EXERCISE INSTRUCTIONS: Lines from the beginning of the data through the line containing "Plain Long-sleeve Flap-pocket Shirt" are to be copied exactly, with no other line included.

Short descriptive text snippets:
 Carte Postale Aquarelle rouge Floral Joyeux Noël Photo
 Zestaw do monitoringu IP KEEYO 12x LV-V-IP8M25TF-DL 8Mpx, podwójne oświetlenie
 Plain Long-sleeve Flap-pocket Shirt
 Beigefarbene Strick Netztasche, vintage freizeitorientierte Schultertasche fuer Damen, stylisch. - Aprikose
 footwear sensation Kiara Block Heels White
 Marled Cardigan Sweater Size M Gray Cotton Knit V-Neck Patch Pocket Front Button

PROBLEM SOLUTION:
 Carte Postale Aquarelle rouge Floral Joyeux Noël Photo
 Zestaw do monitoringu IP KEEYO 12x LV-V-IP8M25TF-DL 8Mpx, podwójne oświetlenie
 Plain Long-sleeve Flap-pocket Shirt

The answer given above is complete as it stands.